Breach of Fiduciary Duty & Conflicts of Interest Claims
A fiduciary duty is a term of art describing a relationship between two parties whereby one party is obligated to act only in the best interest of the other. The person who is required to act in the other’s best interest is referred to as the “fiduciary.” At its most basic level, an investor may have a breach of fiduciary duty claim if they believe that someone (i.e. an investment sponsor, financial adviser, accountant, attorney) put their own self interests ahead of theirs causing them harm. Certainly, there are many more complex legal nuisances, but this basic inquiry is at the heart of every fiduciary duty claim.
In our experience, most fiduciary duty litigation also involves one or more conflicts of interest. A common fact pattern often involves an investment professional recommending an investment to an investor that is unsuitable in order to generate a lucrative commission. Another common fact pattern involves financial advisers who convince their clients to invest in securities offerings that the financial adviser personally owns and operated, which is a very serious conflict of interest.
If you, or someone you know, believes that you have a claim based on a conflict of interest or breach of fiduciary duty, contact us today for a free and confidential consultation.
Who is a fiduciary?
A fiduciary is someone who has to act in another person’s best interests.
What are examples of relationships with fiduciary duties?
Attorney/Client, Accountant/Client, Guardian/Ward, Trustee/Trust Beneficiary
Is my financial adviser a fiduciary?
This is a more complex question than most investors realize.

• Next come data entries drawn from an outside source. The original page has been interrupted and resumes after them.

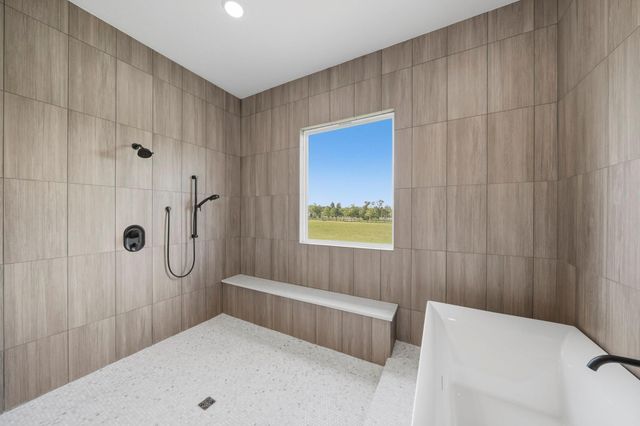 105 Bentwood Meadow Lane, Montgomery, TX 77356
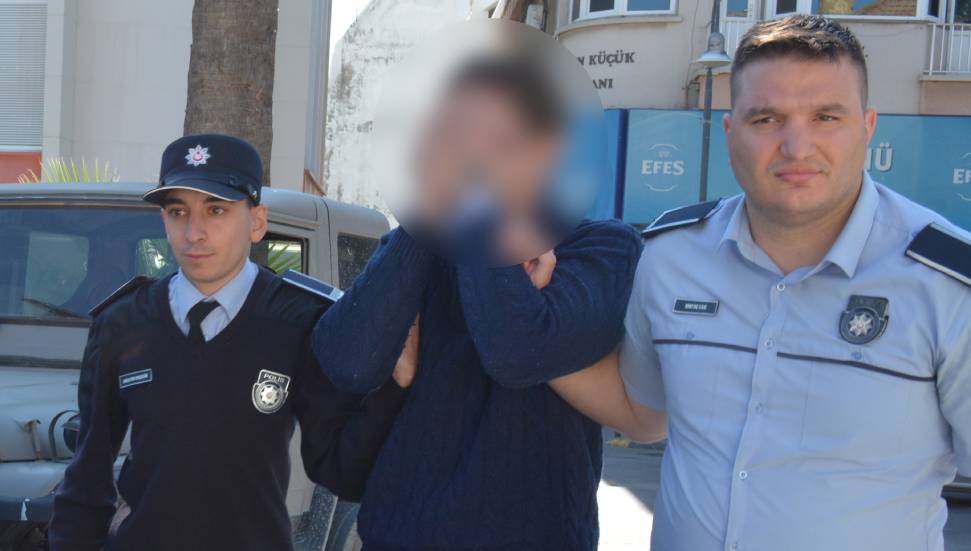 Ülkeye kaçak yollardan girdi, sahte pasaportla çıkmak istedi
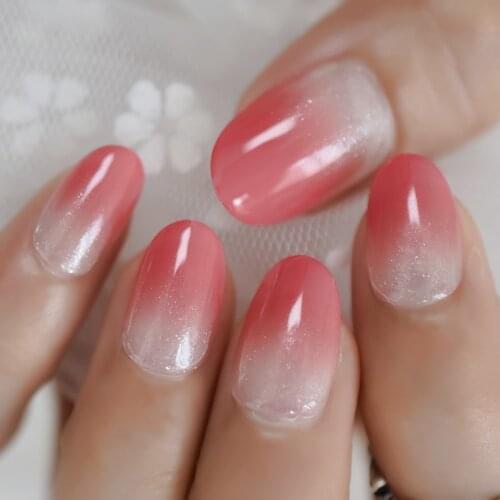 Short Ombre Fake Nails Light Red Gradient Trasparent Shimmer Oval Nail Art Tips UV Gel Effect Manicure Fingernails for Daily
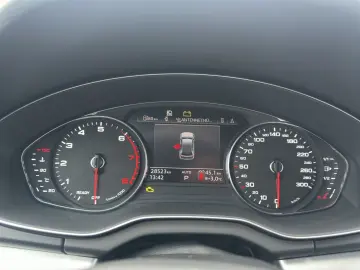 AUDI Q5 40 TFSI quattro S-tronic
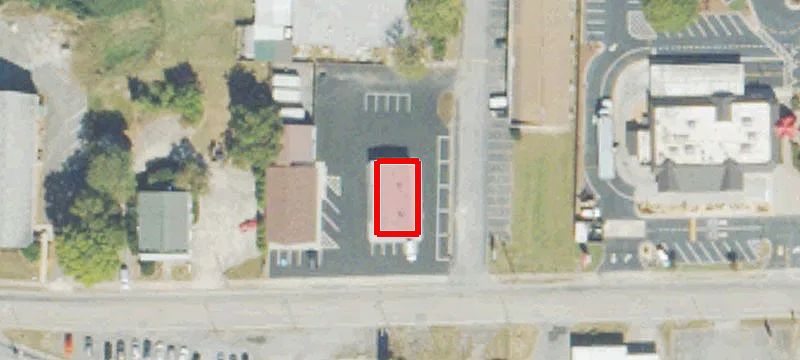 1142 Main St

Anyone registered as a financial adviser under the Financial Adviser Act of 1944 is, but others may not be – it depends. The only way to know for sure is by calling FINRA, the Securities and Exchange Commission or the state where they do business to ask.
Why aren’t all stock brokers and financial advisers fiduciaries?
We think they should be, but it is a very controversial political question. The financial industry has a very powerful lobby and is fighting any attempt to hold all financial professionals to a fiduciary standard.